Bilan mitigé pour la Haute Instance

Yadh Ben Achour: Bilan mitigé pour la Haute Instance

L’heure du bilan a sonné pour la Haute instance pour la réalisation des objectifs de la révolution, de la réforme politique et de la transition démocratique. Lors de la cérémonie de clôture de ses travaux le 13 octobre, son président, Yadh Ben Achour a rappelé que le but de cette instance, créée le 15 mars, était de construire « la première et vraie démocratie du pays » et de rompre définitivement avec le système rétrograde qui régnait pendant des décennies. Selon lui, cette instance était un des maillons du processus de la transition démocratique.

L’instance avait plusieurs missions, mais l’une de ses principales était de mettre en place l’élection de l’Assemblée constituante, le 23 octobre. « C’est une grande réussite pour l’instance. Elle a réussi à élaborer des projets de lois relatifs à la période transitoire comme la mise en place d’une loi électorale,  la création de l’Instance supérieure pour les élections. C’est une première en Tunisie et dans le monde arabe », nous confie  Chokri Belaid, président du Mouvement des patriotes démocrates (MPD)(Watad) et membre de la Haute instance.

Pourtant la tâche n’était pas facile et le chemin, semé d’embûches.

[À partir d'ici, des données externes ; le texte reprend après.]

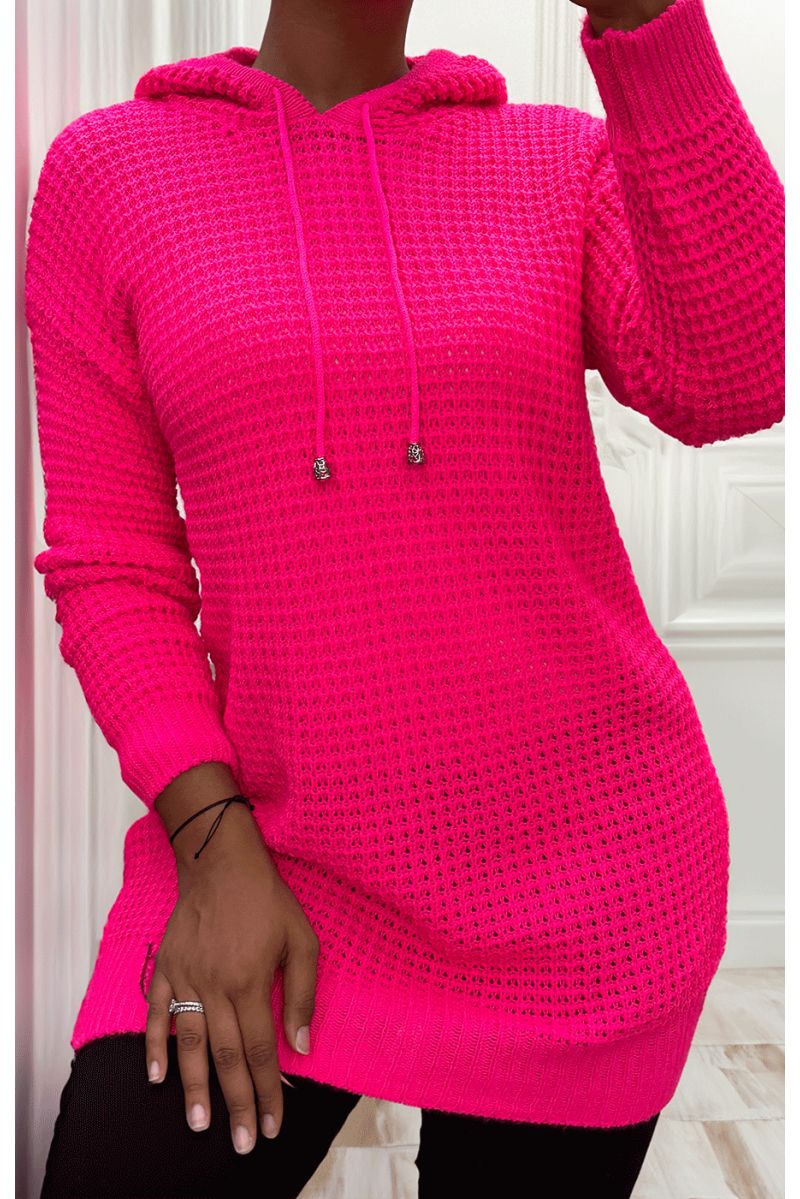 Tunique en tricot fuchsia - 2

Comme le rappelle Néjiba Hamrouni, présidente du Syndicat national des journalistes Tunisiens (SNJT), qui salue la détermination de Yadh Ben Achour malgré « l’ampleur des difficultés rencontrées lors des négociations relatives à l’élaboration de cette loi électorale ».

Et le départ de certains partis n’est sans doute pas étranger à ces difficultés. Certains partis ont effectivement claqué la porte en mai, à l’instar d’Ennahdha. Le mouvement considérait que l’action de la Haute instance, qui était initialement d’assurer l’organisation de l’élection du 23 octobre, n’était pas satisfaisante. Ils considéraient que cette instance était préoccupée par d’autres questions comme la publication de déclarations sur des questions culturelles ou l’élaboration de pactes et de législations qui sont du ressort de l’Assemblée constituante. Une attitude regrettée notamment par Ghazi Gherairi : « dès que l’ordre du jour ne leur convient pas ils se retirent. Il y a là un déséquilibre idéologique ».
Ainsi, le président du MPD (Watad) souligne que « l’instance n’a pas réussi à réunir tous les partis politiques. Certains partis n’ont même pas été contactés », sans toutefois citer de noms. C’est un point négatif, mais ce qui a été réalisé pourrait, selon lui, servir de fondement à la prochaine étape. Aux premiers membres issus des commissions établies, à la hâte, à la veille du 14  janvier, se sont ajoutés, pour constituer une instance, en quête de légitimité, des représentants de la société civile, des régions et des familles des martyrs. En quelques mois, le nombre de membres a doublé pour atteindre 155. Du côté des partis politiques, 36 étaient présents à la fin de ses travaux, contre 12  au départ.

Déficit de légitimité

Essentiellement consultative, cette instance ne pouvait pas faire appliquer les réformes sur lesquelles elle travaillait. La loi sur les partis politiques et sur le code de la presse en sont des exemples. Dans le premier cas, selon la présidente du SNJT, « les problèmes ont commencé avec l’émergence de fortes critiques sur le financement étranger des partis politiques ». Dans le second cas, l’instance a peiné à se faire entendre. « D’une manière générale, je ne suis pas très convaincue de la représentativité de la Haute instance », a reconnu Néjiba Hamrouni, qui regrette que les médias aient « cherché le show (dans la couverture des travaux de cette instance, ndlr) sans tenir compte de la situation du pays ».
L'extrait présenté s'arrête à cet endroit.